(Beginning of The data)
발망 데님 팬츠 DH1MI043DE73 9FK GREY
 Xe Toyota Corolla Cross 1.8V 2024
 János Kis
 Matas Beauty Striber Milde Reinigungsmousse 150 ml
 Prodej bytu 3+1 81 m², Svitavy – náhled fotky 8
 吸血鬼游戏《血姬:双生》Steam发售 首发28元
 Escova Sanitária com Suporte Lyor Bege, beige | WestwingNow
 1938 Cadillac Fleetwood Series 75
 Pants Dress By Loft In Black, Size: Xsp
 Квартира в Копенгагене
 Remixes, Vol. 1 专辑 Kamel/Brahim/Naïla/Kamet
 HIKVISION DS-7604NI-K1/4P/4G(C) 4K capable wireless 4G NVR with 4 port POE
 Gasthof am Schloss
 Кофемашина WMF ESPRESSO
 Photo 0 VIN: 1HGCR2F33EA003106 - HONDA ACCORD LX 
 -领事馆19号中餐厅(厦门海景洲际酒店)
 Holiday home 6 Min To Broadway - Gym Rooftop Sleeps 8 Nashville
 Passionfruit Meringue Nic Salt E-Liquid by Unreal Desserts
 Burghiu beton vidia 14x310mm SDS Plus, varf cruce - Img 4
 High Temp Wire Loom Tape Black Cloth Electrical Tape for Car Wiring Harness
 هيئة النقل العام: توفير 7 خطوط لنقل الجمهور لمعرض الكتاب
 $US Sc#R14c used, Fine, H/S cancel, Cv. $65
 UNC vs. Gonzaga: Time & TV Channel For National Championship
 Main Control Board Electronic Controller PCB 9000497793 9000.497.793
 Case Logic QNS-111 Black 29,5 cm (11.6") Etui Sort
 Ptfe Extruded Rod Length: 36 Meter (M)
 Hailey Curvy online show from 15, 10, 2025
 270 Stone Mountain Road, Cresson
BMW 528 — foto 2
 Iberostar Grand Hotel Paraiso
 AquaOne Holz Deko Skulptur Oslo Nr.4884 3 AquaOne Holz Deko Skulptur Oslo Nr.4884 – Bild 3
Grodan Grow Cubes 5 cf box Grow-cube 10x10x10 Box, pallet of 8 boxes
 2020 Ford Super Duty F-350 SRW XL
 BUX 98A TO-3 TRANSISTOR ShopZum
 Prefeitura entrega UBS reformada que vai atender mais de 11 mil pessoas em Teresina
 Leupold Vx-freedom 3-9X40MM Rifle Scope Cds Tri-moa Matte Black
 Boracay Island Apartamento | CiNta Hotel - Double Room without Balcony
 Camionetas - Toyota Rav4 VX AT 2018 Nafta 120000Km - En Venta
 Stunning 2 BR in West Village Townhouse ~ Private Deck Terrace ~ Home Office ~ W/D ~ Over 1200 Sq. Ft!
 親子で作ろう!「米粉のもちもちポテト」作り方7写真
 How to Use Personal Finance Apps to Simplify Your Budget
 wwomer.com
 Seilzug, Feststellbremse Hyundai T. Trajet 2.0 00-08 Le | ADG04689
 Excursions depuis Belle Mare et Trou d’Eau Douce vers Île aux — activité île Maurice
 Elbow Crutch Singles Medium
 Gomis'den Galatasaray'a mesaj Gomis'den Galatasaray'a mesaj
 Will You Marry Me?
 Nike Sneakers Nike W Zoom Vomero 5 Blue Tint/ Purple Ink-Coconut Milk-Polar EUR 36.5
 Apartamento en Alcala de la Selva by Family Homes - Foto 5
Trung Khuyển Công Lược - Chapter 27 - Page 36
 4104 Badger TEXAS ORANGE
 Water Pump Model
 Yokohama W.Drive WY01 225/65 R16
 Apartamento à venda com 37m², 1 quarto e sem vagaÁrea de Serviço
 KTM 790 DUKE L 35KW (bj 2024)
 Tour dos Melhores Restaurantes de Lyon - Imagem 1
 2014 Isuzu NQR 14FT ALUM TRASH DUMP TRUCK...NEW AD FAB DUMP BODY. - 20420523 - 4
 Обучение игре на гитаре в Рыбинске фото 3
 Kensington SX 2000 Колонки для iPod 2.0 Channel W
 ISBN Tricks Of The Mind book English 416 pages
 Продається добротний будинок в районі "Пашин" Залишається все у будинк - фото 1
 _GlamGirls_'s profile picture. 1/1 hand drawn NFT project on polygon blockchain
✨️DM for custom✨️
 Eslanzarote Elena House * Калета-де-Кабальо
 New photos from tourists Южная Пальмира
(End of The data)
• Task item: Using the entries above, output exactly the lines between the line holding "-领事馆19号中餐厅(厦门海景洲际酒店)" and the line holding "Burghiu beton vidia", end lines included, and nothing more.

• Exercise solution:
 -领事馆19号中餐厅(厦门海景洲际酒店)
 Holiday home 6 Min To Broadway - Gym Rooftop Sleeps 8 Nashville
 Passionfruit Meringue Nic Salt E-Liquid by Unreal Desserts
 Burghiu beton vidia 14x310mm SDS Plus, varf cruce - Img 4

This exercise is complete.